To market, to market to buy a fat pig. With markets closed in New York and London, we were left to our own devices. Resources stocks rocked, mostly led by the diversified majors, Anglo American and BHP Billiton. But, industrials and financials also had a decent showing, the Rand continued to slide, that is not good for everyone. However, for the exporters and the Rand hedges, it is all good. For imported inflation, well it is not. And I guess that was and is the conundrum that is facing the SARB and the MPC, having to juggle imported inflationary concerns. And the other issue is that mineral exports are lower as a result of lower prices for one, and demand being lower too. Although, as we pointed out yesterday, green shoots seem to be emerging in Europe. So Europe is not finished. And you are starting to see more and more stories like this: Optimism returns as Greece sees light at the end of tunnel. What? So you mean no more Greek exit.

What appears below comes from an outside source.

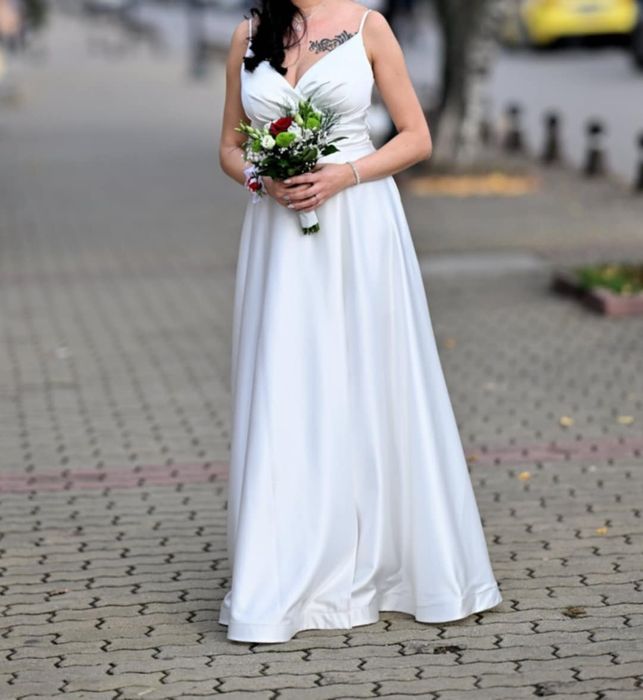 Сатенена Булчинска рокля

What about all those trolls that were 100 percent certain that this was going to happen? The Eurozone was going to fall apart in weeks/months and in same case hours. What about the spreads and the Credit default swap rates that anxious folks continually bombarded us with hourly. Default this and that, finished this and that, over and over again. And some platforms which attract an enormous following and have nothing positive EVER to say. EVER! Zero Hedge is always in the business of fear mongering. I saw a post quoting Dave Rosenberg in June 2009 saying that the Era Of Green Shoots Over. The unrelenting publishing of bearish (and very real) news over and over again can suck one into believing that there is an imminent collapse at any time. Calling markets lower. And seemingly the folks there are bullet proof. I guess we are no different, we are just the flip side of that agenda.


OK, that is interesting. The story that was doing the rounds yesterday, that the central bank locally is happy that unsecured lending is slowing in South Africa, is pleasing at some levels. Bloomberg ran a short piece yesterday: South Africa Banks Slow Unsecured Loan Growth After Intervention. The trajectory has slowed from 30 percent per annum to 25 percent per annum. But a cut away at the same time from a Reuters story at Engineering News to one of the Deputy Reserve Bank governors, Lesetja Kganyago suggesting that unsecured lending in South Africa is too small to pose a risk to the banking sector.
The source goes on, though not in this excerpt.